Teaching is hard

In 2016 I had the privilege of tutoring a student through her maths GCSE. It’s been a steep learning curve for both of us, to say the least. The speed at which my lovely student improved was unbelievable and I can say that I’ve learned a thing or two about teaching.

Teaching the material is only half the battle

Yes, it’s important to make sure that the student knows the syllabus, but it’s almost wasted effort if the student is convinced they’re going to fail the exam anyway. So much of the tutoring sessions that we worked through involved building my student’s (let’s call her Phoebe to save me calling her “student” all the time) confidence. It was twice as hard for her to work for the exams thinking she “can’t do maths”. It was an absolute pleasure watching Phoebe’s confidence in herself and (she probably won’t admit it) enjoyment increase whilst working through the maths problems.

It made me appreciate that teachers actually do so much more than make sure we shove the right information in our heads. The best teachers I’ve had developed my interest and enjoyment in exploring their subject. They enticed me to spend time learning about their subject out of my own volition. They probably ultimately improved the grade I got at the end of their course.

One student is hard enough

I could just about manage having one student in my “class”. I could prepare and deliver the material and give feedback when there’s only Phoebe to think about. I cannot imagine the mental effort it takes for a teacher in an average public school classroom to juggle 30 individual students’ needs at the same time. It truly made me sympathise with teachers in days gone by when I feel like I’m not getting as much as I can out of the lessons because the teacher’s trying to cater to 29 other students whose needs are all completely different.

You develop a unique relationship with your students

Perhaps it’s because I’m not that much older than the people I’ve taught, but it’s a weird not-quite-friends and not-quite-student/teacher relationship. I certainly enjoyed getting to know Phoebe and she ended up getting to know me a little too. But there’s always that detachment bred from the fact that I’m a tutor and she’s my student which means that we probably won’t call each other friends. It’s weird.

You need to understand your students and they need to understand you too

The early days are hard because I’ve had to learn how Phoebe best learns. I’ve had to learn the pace she’s comfortable with. I’ve had to understand how best to explain material that’s really difficult for her. I’ve had to offer an input in her decision as to whether to sit Foundation or Higher Tier. All of that I’ve had to do against the too-close November deadline of her exams. Plus, however hard I try to accommodate, Phoebe has to adapt her learning in maths because I’m doing quite a lot of it with her. It’s worth it when Phoebe and I eventually figured out how each other worked because it makes the sessions that much more productive.

It’s so rewarding

I got a text one morning with a photo of a result sheet with a single letter on it: a pass grade. I was so buzzed that it felt as if I was the one who passed the exam. Yes, teaching is stressful. Yes, teaching is hard. But it was so worth it for me to share Phoebe’s happiness of conquering her “arch-nemesis” when it comes to schoolwork.

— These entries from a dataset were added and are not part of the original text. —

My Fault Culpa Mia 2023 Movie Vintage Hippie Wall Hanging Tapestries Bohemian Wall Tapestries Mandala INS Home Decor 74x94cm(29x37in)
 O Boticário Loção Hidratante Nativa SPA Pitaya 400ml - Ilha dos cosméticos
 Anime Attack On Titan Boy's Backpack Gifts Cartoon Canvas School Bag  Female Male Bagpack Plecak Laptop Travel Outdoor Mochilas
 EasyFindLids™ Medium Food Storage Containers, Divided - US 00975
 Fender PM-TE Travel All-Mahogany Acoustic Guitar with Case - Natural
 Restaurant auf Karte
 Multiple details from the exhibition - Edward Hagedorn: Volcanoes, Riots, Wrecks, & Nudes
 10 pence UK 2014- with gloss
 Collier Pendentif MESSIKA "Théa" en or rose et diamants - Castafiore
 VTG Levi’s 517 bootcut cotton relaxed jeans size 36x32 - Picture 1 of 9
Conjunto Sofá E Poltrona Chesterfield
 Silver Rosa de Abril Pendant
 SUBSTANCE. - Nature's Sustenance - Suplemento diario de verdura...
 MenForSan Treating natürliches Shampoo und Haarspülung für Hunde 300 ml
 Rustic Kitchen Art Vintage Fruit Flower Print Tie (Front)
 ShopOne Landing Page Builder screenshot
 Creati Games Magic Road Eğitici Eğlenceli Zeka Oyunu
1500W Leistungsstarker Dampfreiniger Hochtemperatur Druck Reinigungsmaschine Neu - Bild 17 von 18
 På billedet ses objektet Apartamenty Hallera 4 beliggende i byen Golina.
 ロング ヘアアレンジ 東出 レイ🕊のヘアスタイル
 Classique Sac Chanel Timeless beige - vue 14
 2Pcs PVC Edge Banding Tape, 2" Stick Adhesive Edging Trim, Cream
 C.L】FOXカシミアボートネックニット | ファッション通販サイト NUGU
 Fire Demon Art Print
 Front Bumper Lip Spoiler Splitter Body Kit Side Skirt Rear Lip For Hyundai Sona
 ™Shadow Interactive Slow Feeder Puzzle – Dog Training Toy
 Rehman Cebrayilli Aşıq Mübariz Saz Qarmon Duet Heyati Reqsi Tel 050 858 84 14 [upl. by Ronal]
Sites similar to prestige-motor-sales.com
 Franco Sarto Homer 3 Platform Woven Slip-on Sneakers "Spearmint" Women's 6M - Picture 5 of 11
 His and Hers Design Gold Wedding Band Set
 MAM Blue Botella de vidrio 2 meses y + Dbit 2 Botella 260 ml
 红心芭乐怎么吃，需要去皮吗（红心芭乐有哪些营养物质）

I’ve learned that teaching is totally different to what I expected. It’s so much more draining and so much more satisfying than I ever would have guessed. Of course, I’m teaching a single student one specific subject so the stress is nothing compared to what schoolteachers go through. I’ve never appreciated teachers so much as after I tried walking perhaps not a mile, but maybe a few hundred metres in their shoes.